One of the biggest challenges in discerning a user’s commands over ambient noise is overcoming the HomePod itself: Apple’s speaker can perform at very high volumes, and its microphones are immediately adjacent to the noise sources. Consequently, the company explains, there’s no way to completely remove the HomePod’s own audio from the microphones — only part of it.
Instead, Apple used actual echo recordings to train a deep neural network on HomePod-specific speaker and vibration echoes, creating a residual echo suppression system that’s uniquely capable of cancelling out HomePod’s own sounds. It also applies a reverberation removal model specific to the room’s characteristics, as measured continuously by the speaker.
Another interesting trick uses beamforming to determine where the speaking user is located, focus the microphones on that person, and apply sonic masking to filter out noises from other sources. Apple built a system that makes judgments about local speech and noise statistics based solely on the microphones’ current and past signals, focusing on the speech while trying to cancel out interference. It then trained the neural network using a variety of common noises that ranged from diffuse to directional, speech to noise, so that the filtering could apply to a large number of interference sources.
HomePod’s other impressive capability is determining which of multiple speaking people is the correct target for commands, to steer the beamforming mics and isolate noise.
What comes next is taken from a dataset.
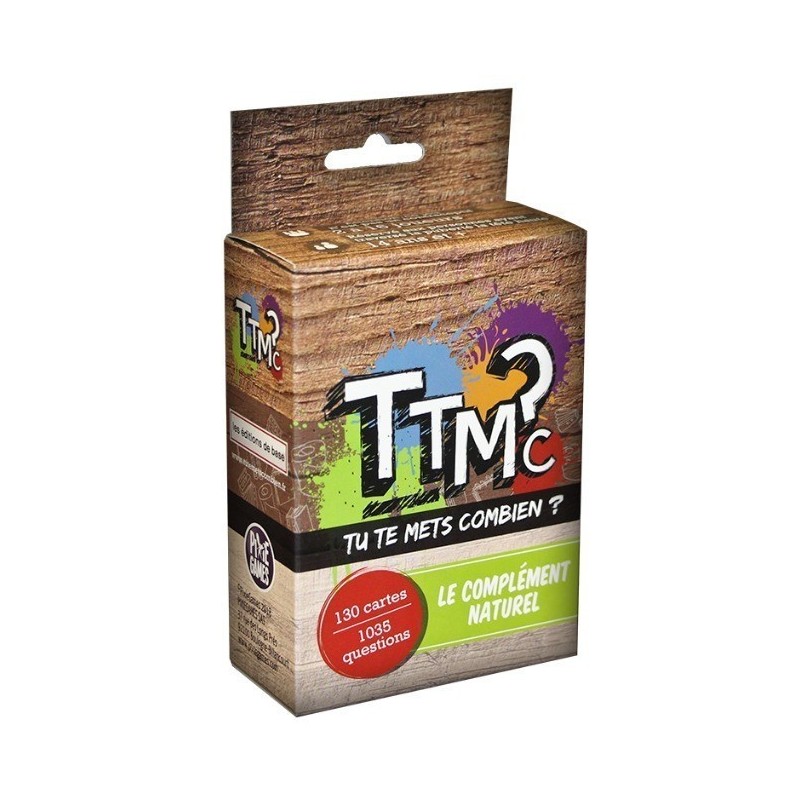 Jeux de société - TTMC - Tu Te Mets Combien ? Extension Le Complément naturel Jeux de société - TTMC - Tu Te Mets Combien ? Extension Le Complément naturel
One trick is using the required “Hey Siri” trigger phrase to determine who and where commands are coming from, but Apple also developed techniques to separate competing talkers into individual audio streams, then use deep learning to guess which talker is issuing commands, sending only the stream focused on that talker for processing.
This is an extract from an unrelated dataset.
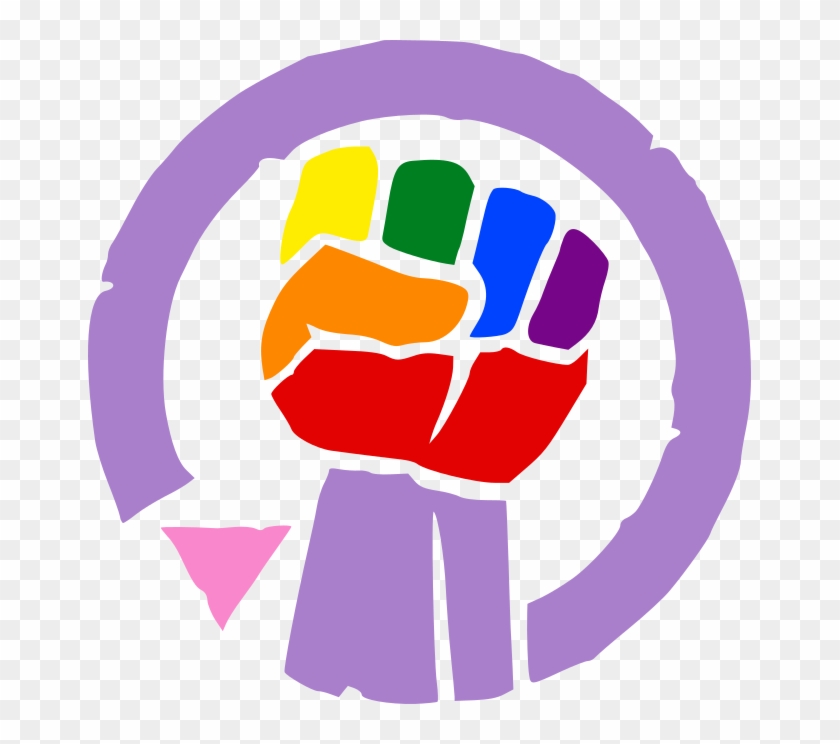 Fist Clipart Purple - Pride Fist Png Transparent Png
The Machine Learning Journal’s entry does a great job of spotlighting how AI-assisted voice processing technologies are necessary but not sufficient to guarantee a great experience with far-field digital assistants. While all of the techniques above do indeed yield quick, reliable, and accurate Siri triggering, HomePod’s limited ability to actually respond fully to requests was a frequent target of complaints in reviews. If there’s any good news, it’s that the issues appear to be in Siri’s cloud-based brain rather than in the HomePod’s hardware or locally run services, so server-side patches could dramatically improve the unit’s functionality without requiring users to buy new hardware.